-- Supplied material follows --

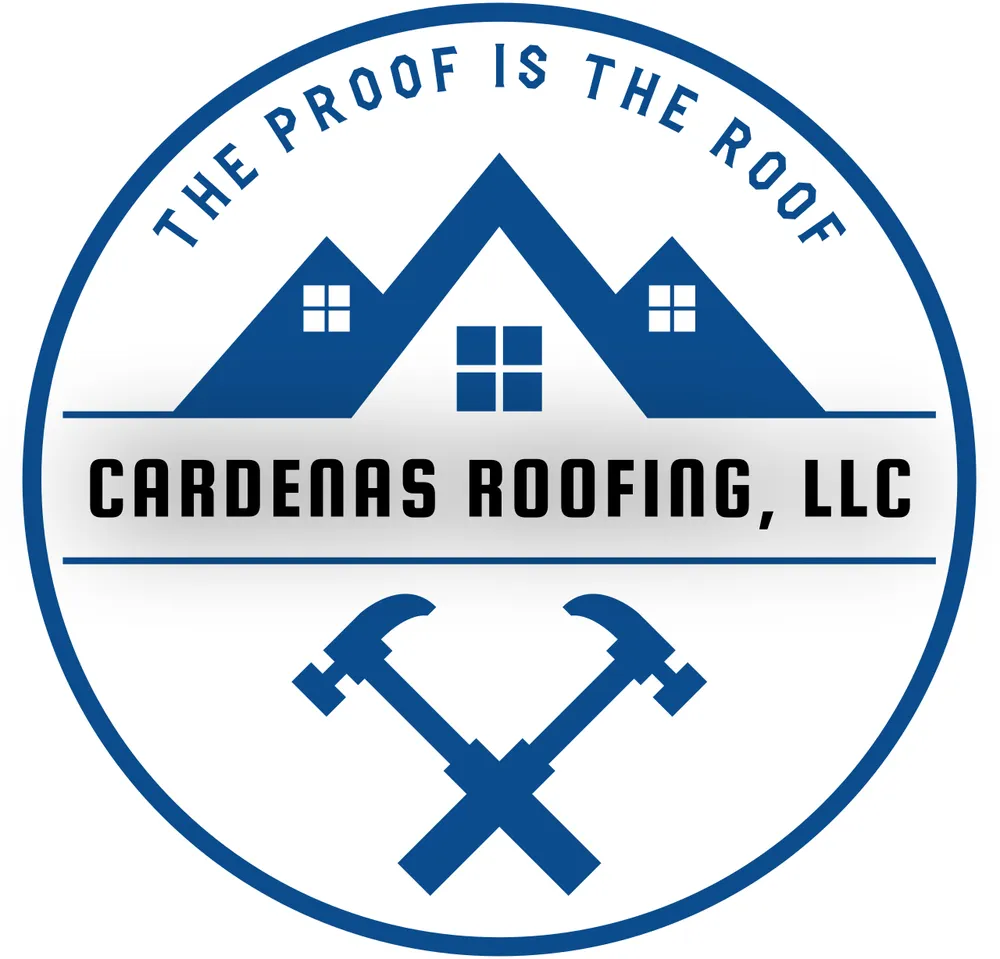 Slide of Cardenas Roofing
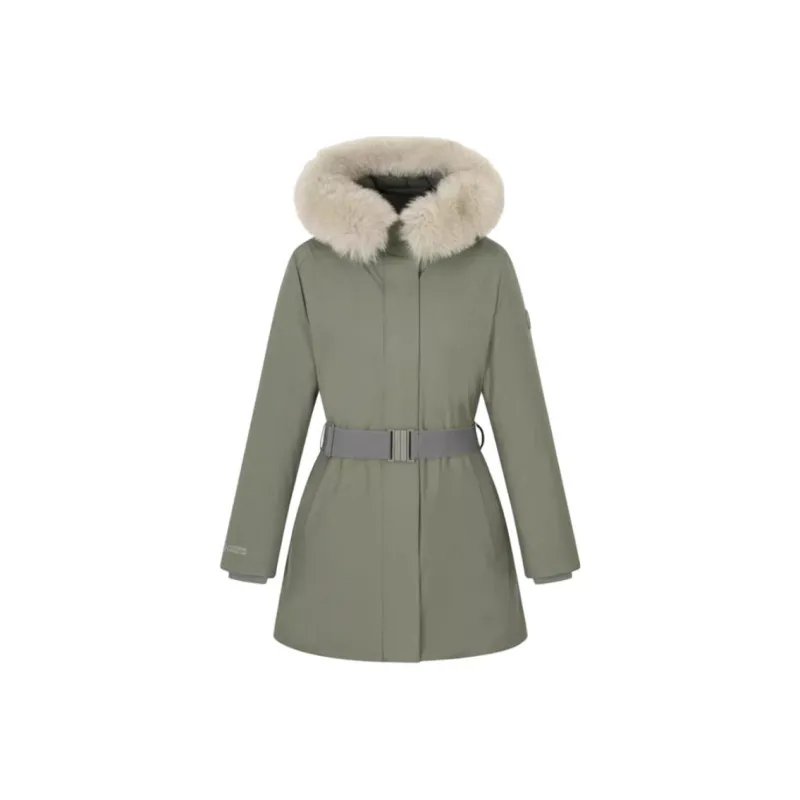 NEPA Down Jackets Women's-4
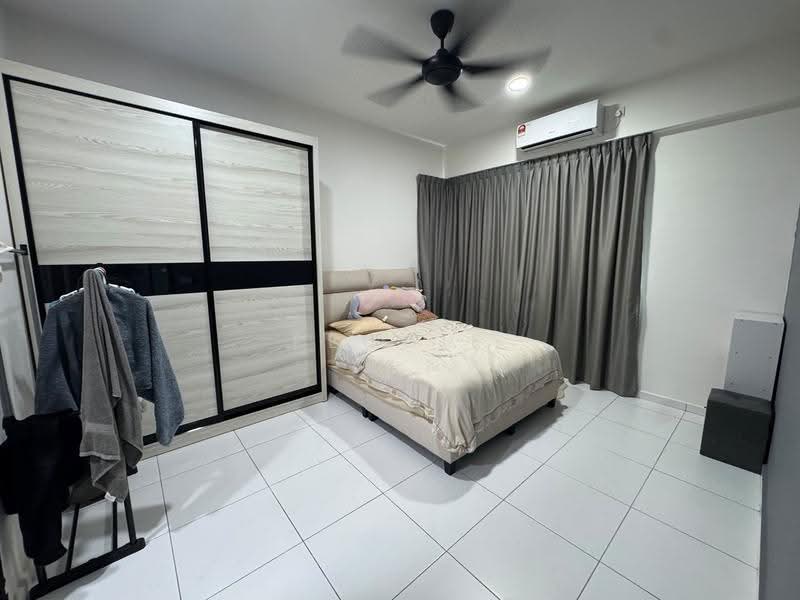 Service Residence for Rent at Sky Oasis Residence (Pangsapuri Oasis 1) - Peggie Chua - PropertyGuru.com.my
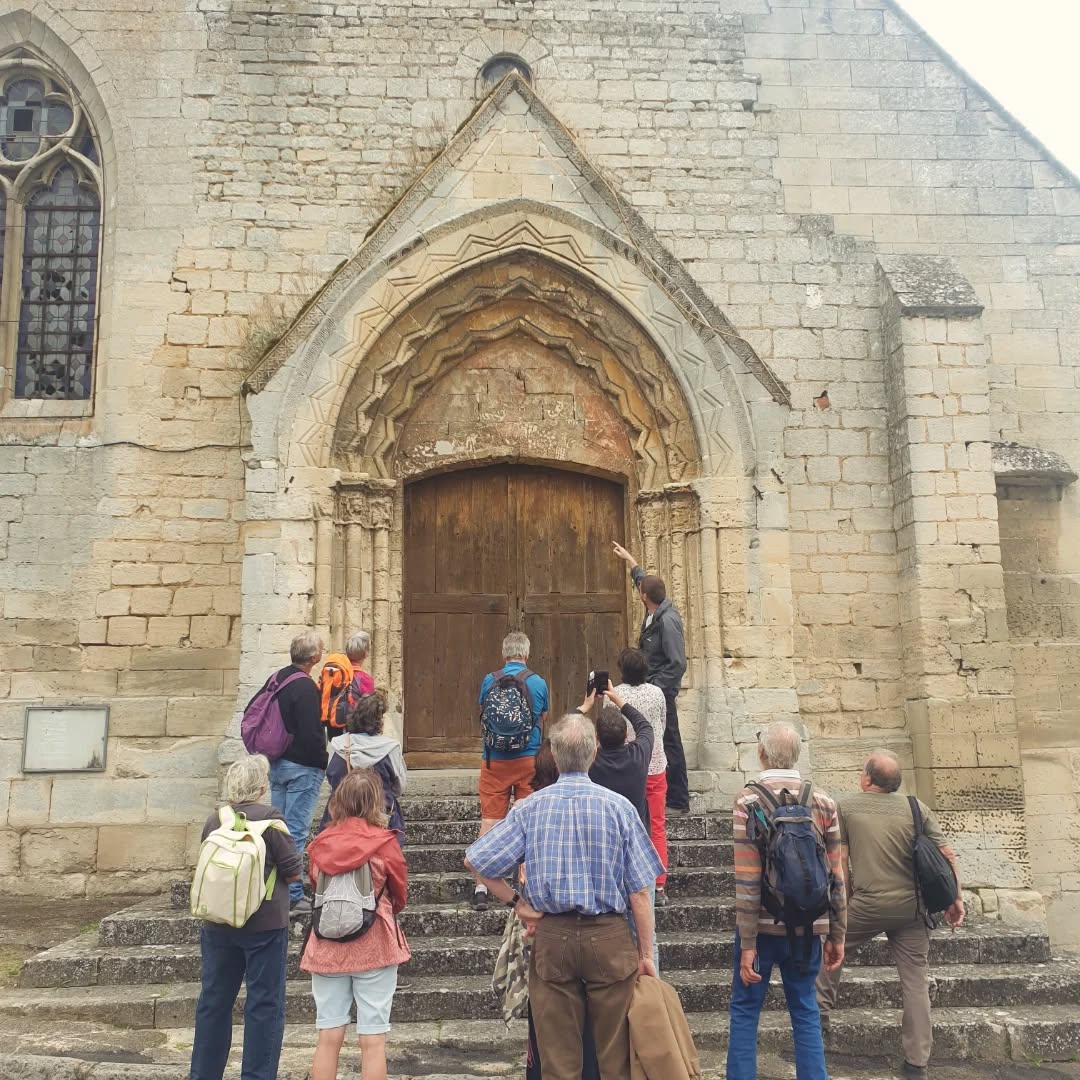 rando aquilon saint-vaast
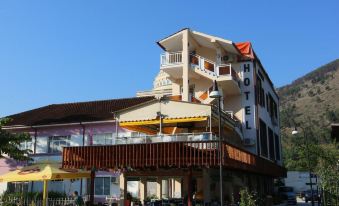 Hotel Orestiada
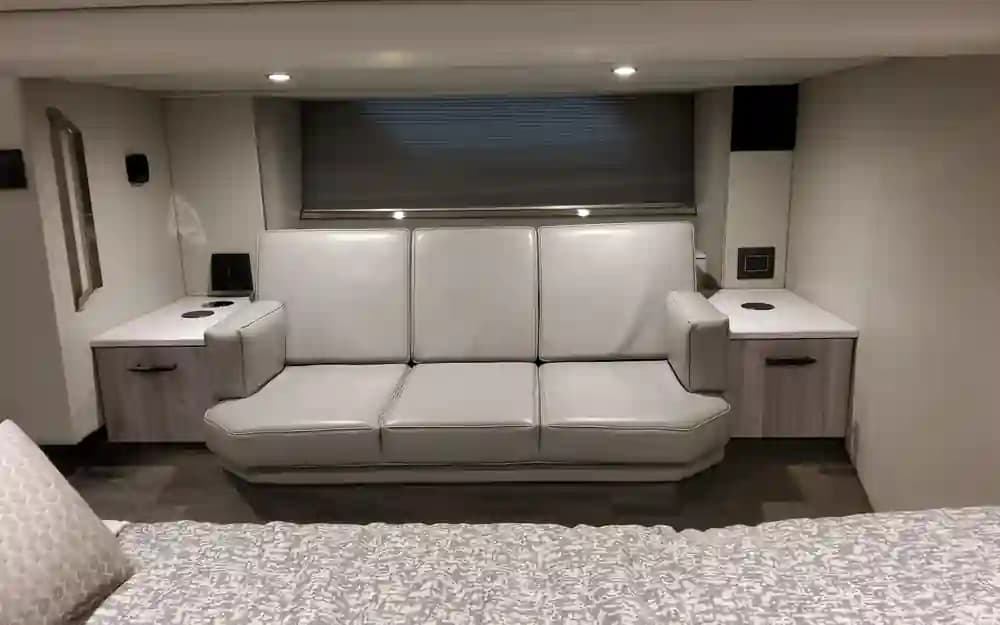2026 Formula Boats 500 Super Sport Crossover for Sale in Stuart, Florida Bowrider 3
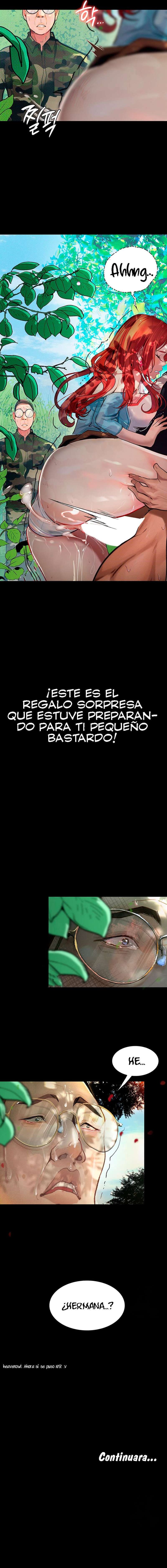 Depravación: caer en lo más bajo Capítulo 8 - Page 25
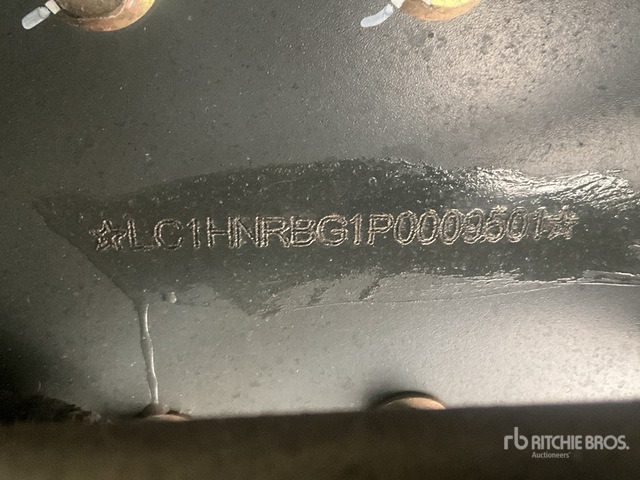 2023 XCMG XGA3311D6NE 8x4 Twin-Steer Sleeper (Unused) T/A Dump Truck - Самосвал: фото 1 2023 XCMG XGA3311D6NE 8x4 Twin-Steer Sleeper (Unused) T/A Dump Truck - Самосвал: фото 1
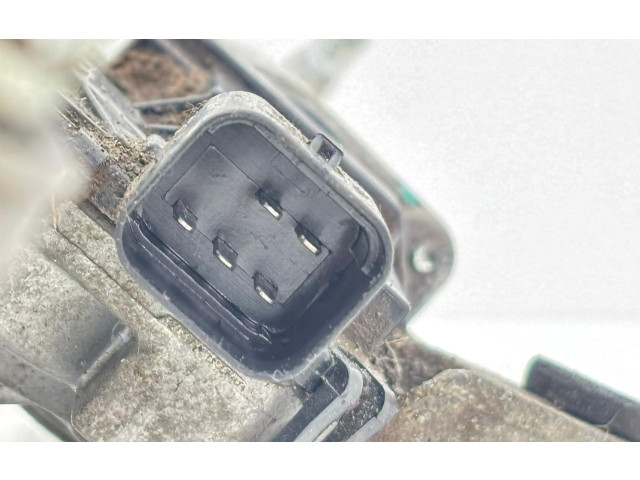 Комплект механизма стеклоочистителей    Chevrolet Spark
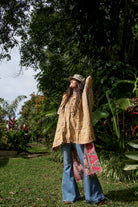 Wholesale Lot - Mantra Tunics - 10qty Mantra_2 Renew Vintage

-- Supplied material concluded --

**Assignment**
Reproduce exactly the lines from the one with "фото 1 2023" to the bottom of the listing, both ends included, and nothing else. Skip the pictures.

**Solution below**
 2023 XCMG XGA3311D6NE 8x4 Twin-Steer Sleeper (Unused) T/A Dump Truck - Самосвал: фото 1 2023 XCMG XGA3311D6NE 8x4 Twin-Steer Sleeper (Unused) T/A Dump Truck - Самосвал: фото 1
 Комплект механизма стеклоочистителей    Chevrolet Spark
 Wholesale Lot - Mantra Tunics - 10qty Mantra_2 Renew Vintage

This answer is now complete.